Pour intégrer encore plus la salle des États, devenue le « saint des saints » du musée, dans le parcours général, et pour animer l’immensité des murs, les peintres ont travaillé une patine noire rappelant celle créée, au début des années 1970 avec l’aide de Pierre Soulages, dans lesdites « salles rouges ». Encore fallait-il inventer la couleur. Le bleu nuit si particulier, fruit d’une sous-couche de bleu de Prusse et d’une patine noire, créé pour l’occasion, s’est imposé de l’observation des tableaux vénitiens, des Noces de Cana au premier chef, où la juxtaposition de couleurs complémentaires renforce l’éclat chromatique de l’ensemble.
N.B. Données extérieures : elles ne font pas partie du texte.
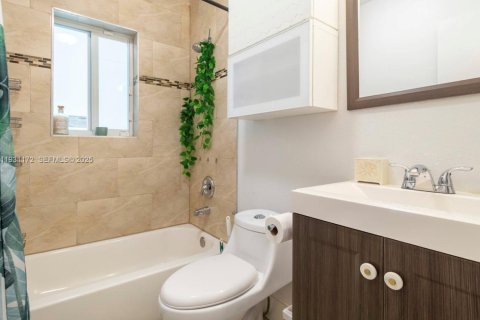 Купить виллу или дом в Форт-Лодердейл, Флорида 2 спальни, 116.13м2, № 1989613 - фото 26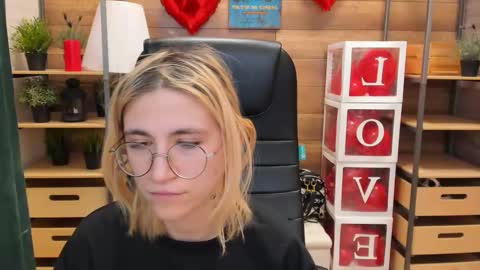 Snapshot of moon13152 chatting on February 22, 2025, 7:14 pm Katrin online show from February 22, 2025, 7:14 pm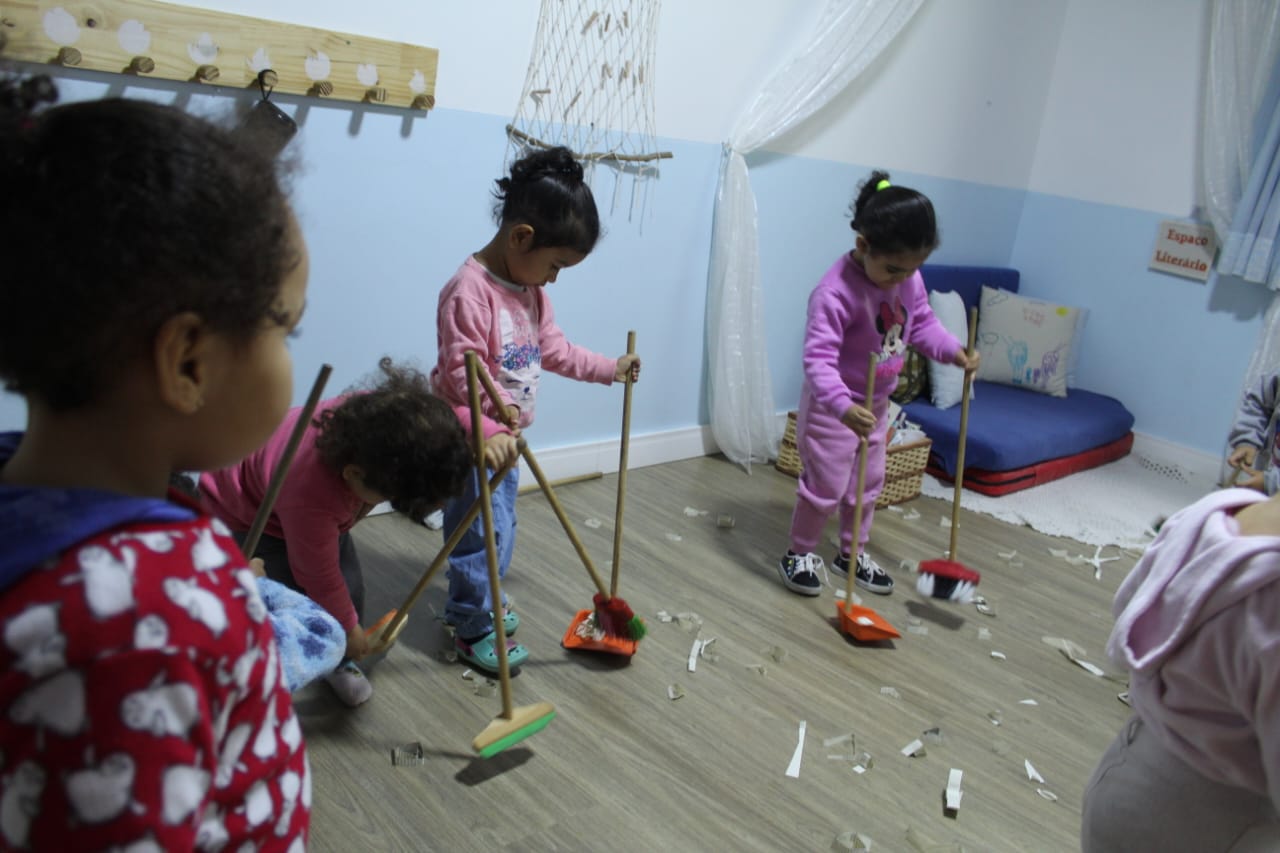 Pequenos gestos, grandes aprendizados: crianças transformam a brincadeira em cuidado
L’importance des orangés, des roses, des rouges chez Titien ou Véronèse, réhaussés par l’éclat des cadres dorés, ressort mieux sur le bleu. Par ailleurs, cette couleur répond en écho, mais sur le mode sombre, aux nombreux ciels qui animent les toiles, notamment dans La Vénus du Pardo de Titien, récemment restaurée ; l’effet de profondeur est particulièrement évident dans Les Noces de Cana, où le ciel se déploie entre de grandes architectures blanches. Restait l’épineux problème du voisinage avec La Joconde, dont la vitrine bénéficie d’un nouveau verre beaucoup plus transparent. La façon dont le tableau est peint, tout en glacis subtils, contraste avec le grand geste et l’éclat vénitiens. De plus, le bleu ayant tendance à renforcer le jaunissement des vernis, il a été décidé de subtilement « débleuir » le fond sur lequel elle est accrochée, de façon à lui permettre de vivre sa vie propre, tout en participant à l’esprit de l’ensemble.